Your goal: Restate the listing below word for word. No picture belongs in the result.

Data shown:
···

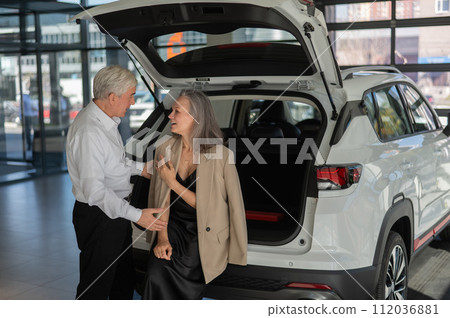 Mature Caucasian couple choosing a car looks at the trunk. Mature Caucasian couple choosing a car looks at the trunk. 112036881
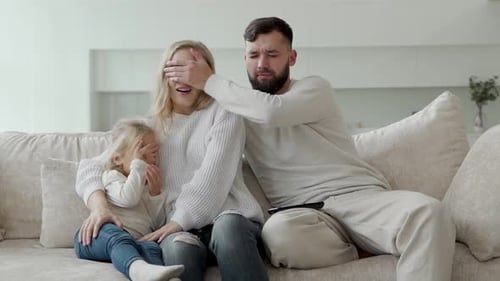 Family Watching a Scary Movie Together at Home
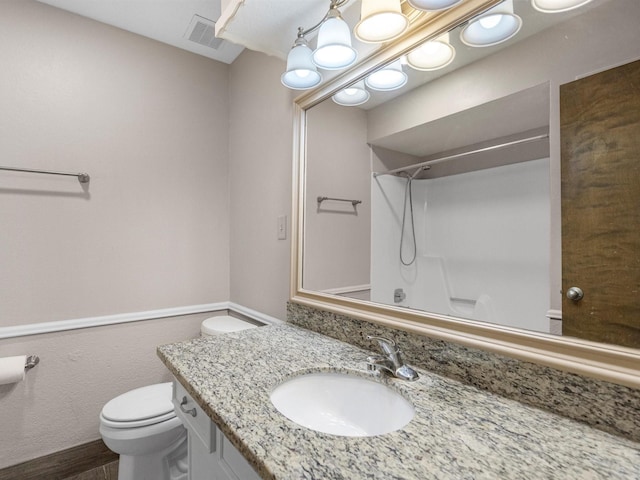 bathroom with a shower, vanity, and toilet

···

Exercise response:
 Mature Caucasian couple choosing a car looks at the trunk. Mature Caucasian couple choosing a car looks at the trunk. 112036881
 Family Watching a Scary Movie Together at Home
 bathroom with a shower, vanity, and toilet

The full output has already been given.